Da tempo mi sono formato la convinzione che chiunque faccia politica attiva tende ad essere keynesiano per interesse elettorale. In soldoni, l’idea di distribuire risorse al popolo, seppur sotto il nobile e desiderabile obiettivo di rilanciare la crescita, rappresenta oramai una tentazione irresistibile per i nostri sacerdoti del bene comune appartenenti a tutti gli schieramenti. Ma se a condividere la medesima prospettiva aggiungiamo l’intera, o quasi, pletora di sedicenti economisti che popolano le varie emittenti televisive, allora si può parlare di una sorta di pensiero unico keynesiano.

Lo conferma appieno Claudio Borghi, presunto studioso liberale, che nel corso di una recente puntata di Coffee Break - talk molto orientato a sinistra condotto da Tiziana Panella - ha ribadito un suo pensiero molto discutibile circa il taglio della spesa pubblica, mostrando in ciò di subire come tanti altri l’influsso malefico della prospettiva keynesiana. In estrema sintesi, Borghi ha cercato di spiegarci che in una fase di crisi come quella attuale, qualunque risparmio di spesa determinerebbe effetti negativi dal lato dell’acquisto di beni e servizi, in quanto toglierebbe altre risorse dalla platea indistinta dei consumatori.

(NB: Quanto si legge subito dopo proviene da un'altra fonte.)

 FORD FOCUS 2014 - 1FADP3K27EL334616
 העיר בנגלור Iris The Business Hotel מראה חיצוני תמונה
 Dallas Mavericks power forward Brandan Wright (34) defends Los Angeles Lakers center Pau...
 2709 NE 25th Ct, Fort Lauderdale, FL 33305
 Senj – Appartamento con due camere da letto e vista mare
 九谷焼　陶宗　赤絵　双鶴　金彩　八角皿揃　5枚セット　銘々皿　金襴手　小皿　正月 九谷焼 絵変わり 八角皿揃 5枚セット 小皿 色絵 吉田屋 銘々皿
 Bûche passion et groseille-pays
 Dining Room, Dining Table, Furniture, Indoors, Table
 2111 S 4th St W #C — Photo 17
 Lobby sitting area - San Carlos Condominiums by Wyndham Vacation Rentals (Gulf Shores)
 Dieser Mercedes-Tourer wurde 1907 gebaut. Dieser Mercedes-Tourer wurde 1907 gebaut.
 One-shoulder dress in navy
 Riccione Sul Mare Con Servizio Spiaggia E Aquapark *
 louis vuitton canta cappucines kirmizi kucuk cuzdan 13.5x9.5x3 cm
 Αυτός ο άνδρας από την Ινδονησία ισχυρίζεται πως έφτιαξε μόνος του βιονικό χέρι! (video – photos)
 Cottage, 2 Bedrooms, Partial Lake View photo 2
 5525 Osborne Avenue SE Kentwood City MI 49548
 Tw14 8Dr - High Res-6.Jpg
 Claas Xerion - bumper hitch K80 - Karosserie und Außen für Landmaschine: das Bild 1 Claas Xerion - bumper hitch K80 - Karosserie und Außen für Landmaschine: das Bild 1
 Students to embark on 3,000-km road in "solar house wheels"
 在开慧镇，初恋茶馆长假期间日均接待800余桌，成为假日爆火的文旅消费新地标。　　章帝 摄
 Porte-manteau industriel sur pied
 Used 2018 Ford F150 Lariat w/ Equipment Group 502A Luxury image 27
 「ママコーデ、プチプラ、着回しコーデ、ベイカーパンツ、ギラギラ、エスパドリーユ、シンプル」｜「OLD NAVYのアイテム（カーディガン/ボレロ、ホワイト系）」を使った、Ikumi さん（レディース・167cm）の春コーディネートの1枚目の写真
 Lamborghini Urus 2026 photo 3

Dunque, secondo una logica macroeconomica che oramai ai più - dopo decenni di bombardamenti propagandistici in questo senso - appare più che fondata (sebbene al livello individuale la stessa verrebbe considerata folle), si dovrebbe convenire, portando alle estreme conseguenze un tale assunto, che più spesa pubblica equivale a più sviluppo, visto che solo la mossa di diminuirla determinerebbe un’immediata contrazione economica.

Ora, in primis mi viene spontaneo pormi la seguente domanda: ma se non si taglia ora la colossale e sempre crescente spesa corrente dello Stato, dopo che in pochi anni il reddito nazionale è sceso di circa 10 punti percentuali, quando sarà possibile farlo, visto che la strada dei prestiti infiniti è preclusa dai rischi sempre attuali di un possibile e catastrofico default?

E ancora, ma siamo sicuri che il moltiplicatore economico della medesima spesa pubblica - il quale sta tanto a cuore al sottosegretario Fassina - sia migliore di quello privato, generando più risorse attraverso la redistribuzione operata dalla mano pubblica? Se così fosse, dato che da tempo l’Italia si trova ai primissimi posti nel mondo nel rapporto tra Pil e spesa dello Stato - oramai giunto al 55% - i continui stimoli keynesiani avrebbero dovuto rendere il Paese molto più ricco, anziché trovarci sulla soglia della bancarotta.

La verità, caro Borghi, che la strada di rilanciare lo sviluppo dal lato della domanda è sempre lastricata di buone intenzioni che portano diritte verso l’inferno. Se neppure tra chi si proclama liberale si è compreso che solo alleggerendo l’enorme fardello pubblico, con meno spesa e meno tasse, appare realistico riprendere a crescere, evitando nel contempo un’uscita catastrofica dall’euro (cosa che peraltro lo stesso Borghi auspica da tempo), allora nulla potrà salvarci dal baratro.

Dato che lo squilibrio tra chi vive grazie alle imposte e ai debiti pubblici e chi opera coi propri soldi sul libero mercato si è ulteriormente aggravato in questi ultimi anni, occorre abbattere una volta per tutte il totem keynesiano, se non si vuole cominciare a redistribuire pane e cicoria. Altro che sviluppo!